Maximizing the pairwise point distance in $[-1,1]$

Question

How can we prove that, given $n$ points in $[-1,1]$, the sum of all their pairwise Euclidean distances (or, equivalently, their average Euclidean distance) is maximized if $\lfloor n/2 \rfloor$ points are placed at $-1$ and the remaining points are placed at $1$?

Answer 1

WLOG assume $-1 \leqslant x_1 \leqslant x_2 \leqslant \cdots \leqslant x_n \leqslant 1$.
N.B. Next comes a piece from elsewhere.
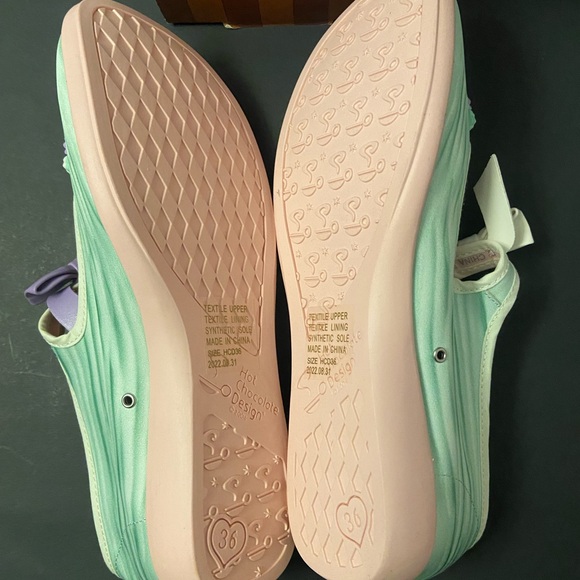 Baroque Cake Chocolaticas Mary Janes Flats - Picture 2 of 4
Total distance is $$ \sum_{i<j} (x_j-x_i) = [0-(n-1)]x_1+[1-(n-2)]x_2-\cdots + [(n-1)-0]x_n\\ =-(n-1)x_1-(n-3)x_2 - \cdots +(n-1)x_n\\ \leqslant -(n-1)(-1)-(n-3)(-1) - \cdots + (n-1)\cdot 1. $$

$"=" \iff x_1=x_2=\cdots =x_{\lceil\frac{n-1}{2}\rceil}=-1, x_{\lfloor\frac{n+3}{2}\rfloor}=\cdots=x_n=1.$

If $n$ is odd then $x_{\frac{n+1}{2}}$ can be anywhere between -1 and 1.